97. Миновав святилище Владычиц, что на Микале, и прибыв в область Гесона и Сколопоента, где стоит святилище Деметры Элевсинской (сооружено оно сыном Пасикла Филистом в то время, когда вместе с Кодровым сыном Нелеем он отправился основывать Милет), персы вытащили на сушу корабли. Затем варвары окружили себя оградой из камней и дерева, для чего вырубили домашние деревья, а кругом ограды вбили в землю колья, и приготовились к положению осаждаемых и победителей, ибо среди приготовлений они принимали в соображение и то и другое.

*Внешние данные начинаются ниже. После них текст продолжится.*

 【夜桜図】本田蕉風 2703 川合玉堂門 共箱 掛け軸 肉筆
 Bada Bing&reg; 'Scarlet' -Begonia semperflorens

98. При известии о том, что варвары ушли на материк, эллины огорчены были бегством их и недоумевали, что делать: возвращаться ли назад, или плыть дальше к Геллеспонту. Наконец решено было не делать ни того ни другого, а подплыть к материку; затем приготовили для морской битвы мостики и все, что было нужно, и поплыли по направлению к Микале. Когда они были близко к неприятельскому стану и не было видно никого, кто шел бы им навстречу, когда они увидели, что вытащенные на сушу корабли находятся за стеной, а многочисленное сухопутное войско стоит в боевой линии вдоль берега, – тогда прежде всего Левтихид поплыл на корабле вдоль берега как можно ближе к нему и голосом глашатая объявил ионянам следующее: «Будьте внимательны, ионяне, те, кто слышит меня, к моим речам: персы ведь совсем не поймут того, что я предложу вам. Когда произойдет сражение, каждый из вас должен вспомнить прежде всего о свободе, потом о боевом кличе: «Гера!» Пускай узнают это и те ионяне, которые не слышат меня, от вас, слышавших мою речь». Смысл напоминания был тот же самый, какой имело обращение Фемистокла при Артемисии, а именно: Левтихид рассчитывал, что слова его или останутся неизвестными для варваров и могут склонить ионян на его сторону, или же обращение его будет вслед за сим доложено варварам и сделает их недоверчивыми к ионянам.